When someone who has been using ketamine regularly stops, depression is one of the most common withdrawal symptoms. The timeline follows a predictable pattern. Psychological symptoms, including cravings, anxiety, and irritability, begin within the first 24 to 72 hours. Between days 3 and 7, these symptoms peak, with depression, anxiety, and insomnia often at their worst. Over the following weeks, mood swings and fatigue gradually ease.

For people with a history of heavy or prolonged use, the recovery can stretch much longer. Mild depression, intermittent cravings, and sleep problems can persist for several months after the last dose. This protracted withdrawal phase is one reason relapse rates are high: the lingering low mood creates a strong pull to use again.

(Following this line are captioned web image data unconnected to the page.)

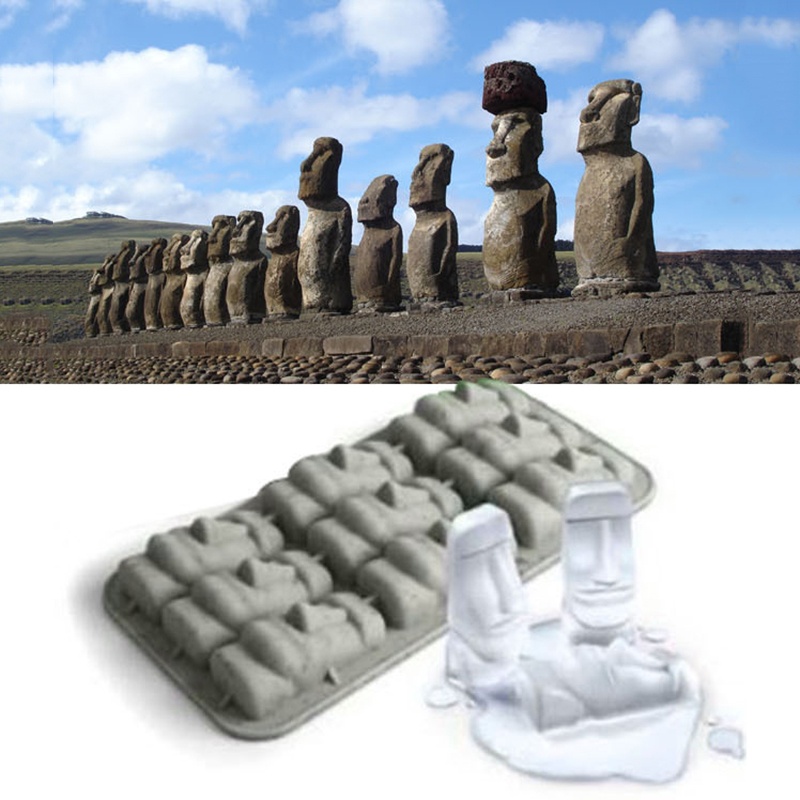🔥 Khay đá tượng moai đảo phục sinh Khuôn đá khối đá tự làm khuôn thạch Pudding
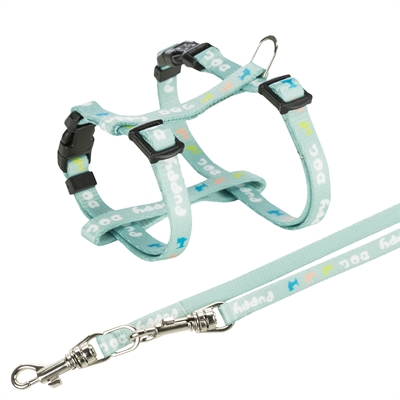 Trixie junior puppytuig met riem mintgroen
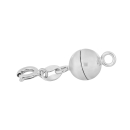 Rhod. Silber Magnet Perlenverschluss 8mm m. Schleuse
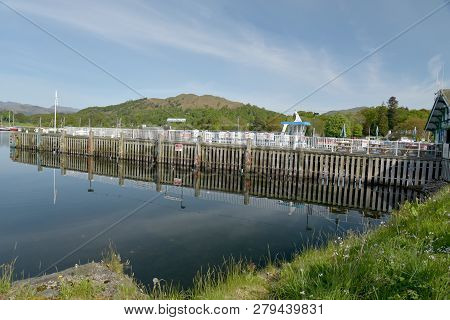 Rowing Boats Moored At Waterhead On Windermere In The English Lake District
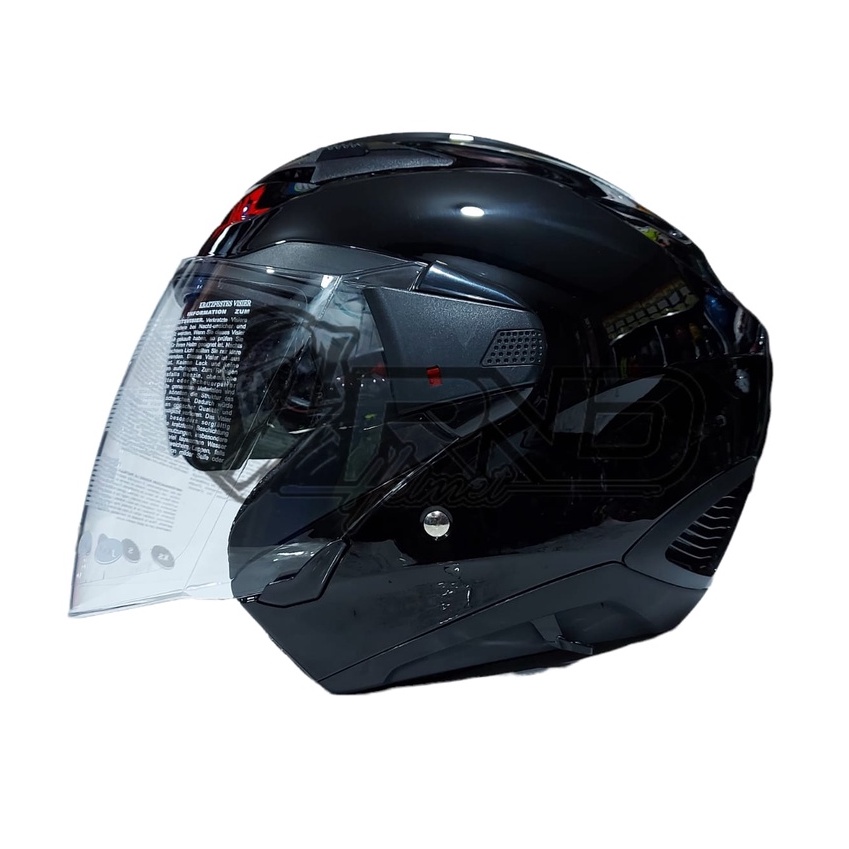 Helm Zeus 611 Hitam Glossy Half face Zs611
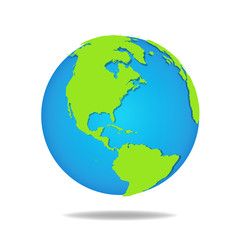Vector globe icon of the world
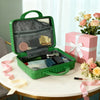 Gift for Elegant Women: 14 Inch Pressure-proof Portable Makeup Case, Hard Shell Travel Cosmetic Luggage with Elastic Band for Vacation& Camping Trips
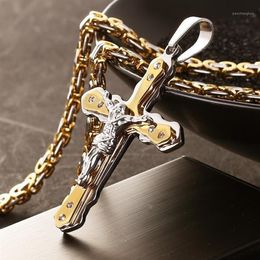 Chains Jewelry Men's Byzantine Gold And Silver Stainless Steel Christ Jesus Cross Pendant Necklace Chain Fashion Cool261a
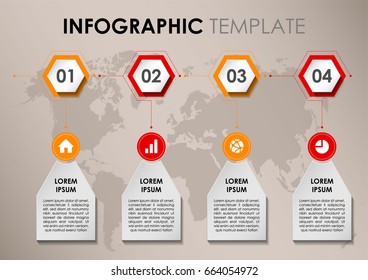 Modern colorful infographics options template vector with red hexagon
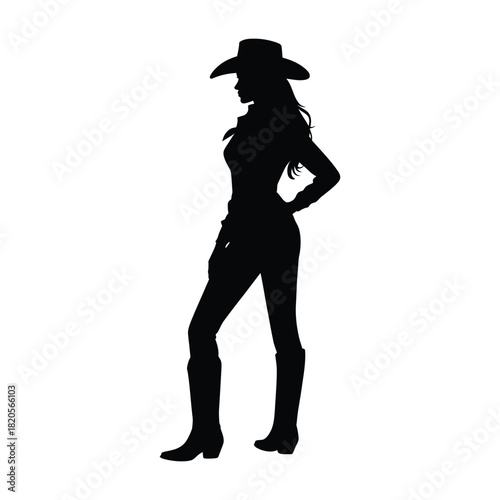 Fullbody silhouette of a confident cowgirl posing with her hand on her hip, wearing a cowboy hat and boots, isolated on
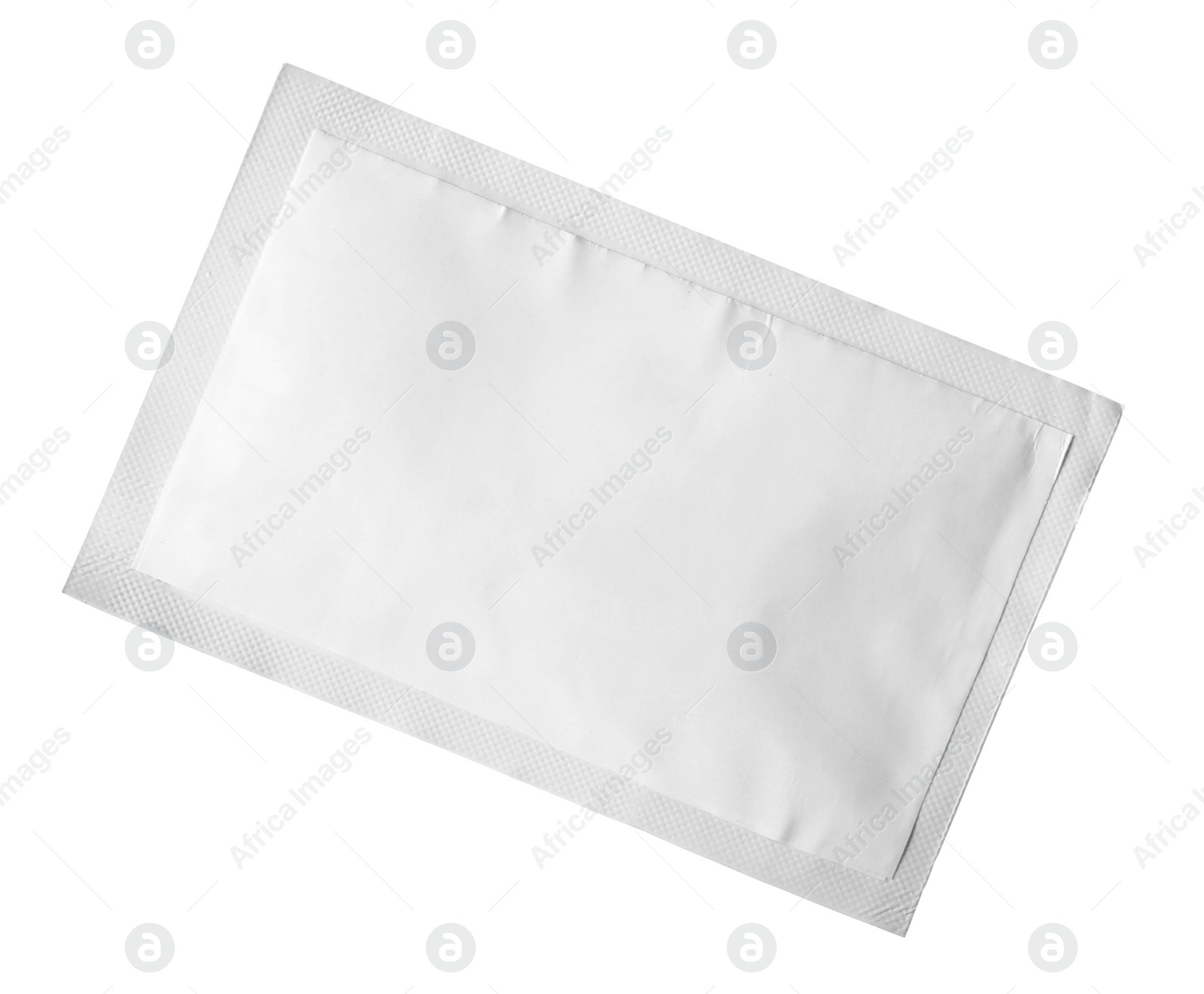 Photo of One blank medicine sachet isolated on white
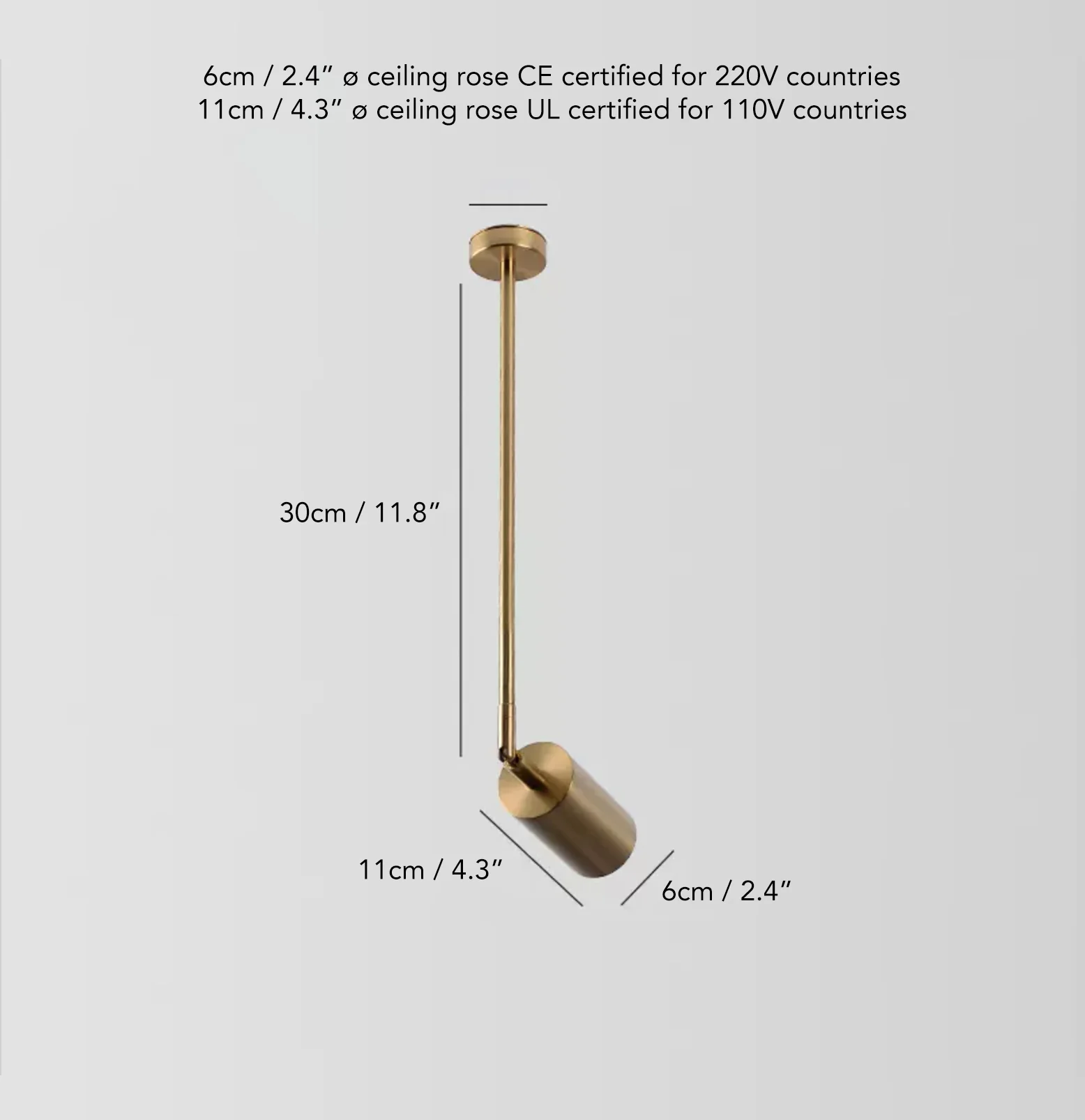 Lux Minimalist Adjustable Rod Spot Light - in Brass - Image 10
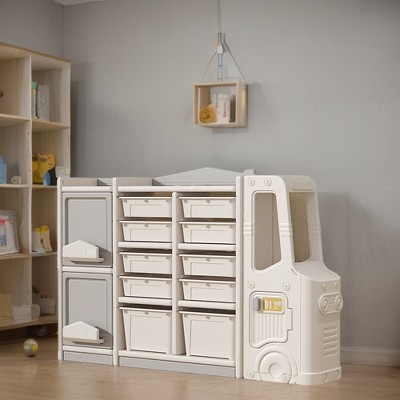 Infurnic Doll Furniture Children's toy storage cabinets, Multifunctional kitchen cabinet in children's room, Grey, 57.09"*12.60"*36.22"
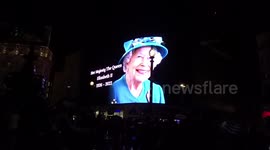 Radiant smile from HM Queen Elizabeth II at Piccadilly Circus as tributes are paid to the monarch
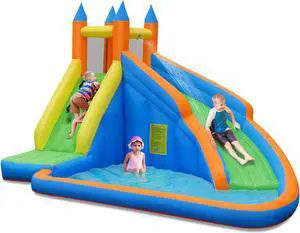 Costway Inflatable Water Slide Mighty Bounce House Castle Splash Pool without Blower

Physical Side Effects That Fuel Depression

Chronic ketamine use also causes physical problems that can independently worsen mood. One of the most well-documented is ketamine-associated bladder damage, which causes painful and frequent urination. A study investigating risk factors for these urinary symptoms found that ketamine users with depression had symptom severity scores 1.63 times higher than users without depression. Depression and longer duration of ketamine exposure were the two factors most strongly associated with developing these bladder problems, creating a cycle where physical pain and emotional distress reinforce each other.

What About Prescription Ketamine Treatment?

For people considering or currently receiving ketamine therapy for depression, the picture is more reassuring. Esketamine (the nasal spray form approved by the FDA under the brand name Spravato) carries a boxed warning about suicidal thoughts and behaviors, but this is the same class warning required for all antidepressants, particularly regarding young adults. In clinical trials, treatment-emergent suicidal ideation occurred in about 6.6 to 6.7% of participants receiving esketamine, compared to 9.6% of those on placebo, meaning suicidal thoughts were actually more common in the placebo group.

Common side effects during clinical treatment include transient dissociation, dizziness, nausea, mild blood pressure increases, and brief periods of dysphoria or anxiety. These typically resolve within hours of administration. The transient mood dip seen in healthy volunteers has not been a prominent concern in depressed patients receiving therapeutic doses, likely because the drug is correcting an existing imbalance rather than disrupting a healthy one.

The critical distinction across all of these scenarios is dose, frequency, and baseline brain chemistry. At clinical doses in supervised settings, ketamine is one of the most effective tools available for treatment-resistant depression. At recreational doses over months or years, it can cause the very condition it was designed to treat.